Les mères des disparus politiques sont de pierre. Que peuvent craindre ces femmes qui ont tant affronté, qui ont tant lutté ? Pas l’absence, elles la portent déjà depuis tellement d’années. Pas la douleur, elles vivent avec, tous et chacun des jours. Pas la fatigue, elles ont déjà parcouru tous les chemins. Non, la seule chose que craignent ces femmes est le silence dont s’habille l’oubli, la perte de mémoire, l’amnésie qui d’habitude souille l’histoire.

Contre cette crainte, les femmes n’ont que l’arme de la mémoire. Mais où garde t-on la mémoire lorsqu’un cynisme frénétique règne sur le monde de la politique ? Où se réfugient les petits morceaux d’histoires qui maintenant ne semblent plus être que des photos, et qui furent des hommes et des femmes avec des visages, des noms, des idéaux ? Pourquoi la gauche actuelle semble t-elle si accablée par le présent et oublie t-elle ses absents ? Combien de ceux tombés dans la longue nuit de la guerre sale au Mexique ne sont-ils pas des marches dans l’ascension de la gauche comme alternative politique ? Combien parmi ceux que nous sommes ne le doivent-ils pas à ceux qui ne sont plus ?

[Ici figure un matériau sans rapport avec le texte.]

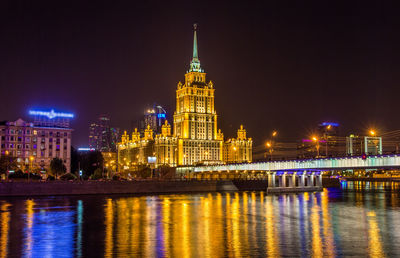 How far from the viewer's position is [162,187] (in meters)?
122

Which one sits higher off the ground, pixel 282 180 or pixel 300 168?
pixel 300 168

Cela est-il fini ? Est-il terminé le cauchemar que l’on appelle "Brigade Blanche" ? Comment s’appelle maintenant l’organisme gouvernemental chargé de faire disparaître ceux qui s’opposent au système ? Mexique, devint-il meilleur avec les disparitions politiques qui le rendirent "moderne" ? Peut-on parler de justice tant qu’il existe des disparus politiques ?

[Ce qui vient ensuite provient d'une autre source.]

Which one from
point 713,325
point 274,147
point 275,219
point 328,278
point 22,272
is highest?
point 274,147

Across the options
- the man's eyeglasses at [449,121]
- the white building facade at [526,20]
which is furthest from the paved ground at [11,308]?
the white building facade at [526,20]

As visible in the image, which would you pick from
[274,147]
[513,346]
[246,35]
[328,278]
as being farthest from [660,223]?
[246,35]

Qui sont les parents des disparus politiques ? Ont-ils une compagnie aujourd’hui dans leur angoisse, dans leur douleur, dans les absences ? Où sont les mains et les épaules pour eux ? Y a t-il une oreille pour leur révolte ? Quel dictionnaire intègre leur recherche entêtée qui bannit pour toujours les mots "irrémédiable", "irrécupérable", "impossible", "oubli", "résignation", conformisme", "reddition" ? Les disparus politiques, où sont leurs bourreaux ?

Ceux qui les firent disparaître se penchent vers la vieille et dépassée maison politique actuelle au Mexique, s’assurent que personne ne reviennent en arrière, qu’aucun œil ne se penche même sur le coffre de l’oubli de ceux qui ont luttés pour que n’existe plus un en-bas où laisser tomber le regard. Les bourreaux se félicitent alors, ils ont réussi, ils lèvent leurs coupes et trinquent avec le sang pour la mort de la mémoire.

Ce pays s’appelle le Mexique, et cela se passe en l’an 2000. Le siècle et le millénaire se terminent et la croyance du silence qui fait disparaître les choses persiste : si nous ne parlons pas des prisonniers et disparus politiques, ils seront alors gommés de notre présent et de notre passé.

Mais ce n’est pas ainsi. Avec le silence, non seulement ils ne s’évaporent pas de notre histoire, mais, c’est certain, le cauchemar se répétera et d’autres mères deviendront de pierre, et parcoureront chaque recoin, en haut et en bas, en disant, criant, exigeant justice.

Les bourreaux célèbrent leur impunité (et leur impunité ne signifie pas seulement l’absence de châtiment, mais aussi que les disparus continuent de disparaître), mais aussi le silence.

Cependant, nous n’oublions pas tous.

Parce qu’en bas, là où les racines de la Patrie s’alimentent de fleuves souterrains, l’échec des exécuteurs couve.

De pierre sont les images que la mémoire soulève dans ce cœur d’en bas, de la pierre viennent ces hommes et ces femmes qui, éraflant à peine la peau dure de l’histoire, se lèvent et parlent. Et cette modeste école a aussi quelque chose de pierre lorsque, au milieu de la Realidad zapatiste, elle affiche son nom comme un drapeau : "École Jesús Piedra Ibarra".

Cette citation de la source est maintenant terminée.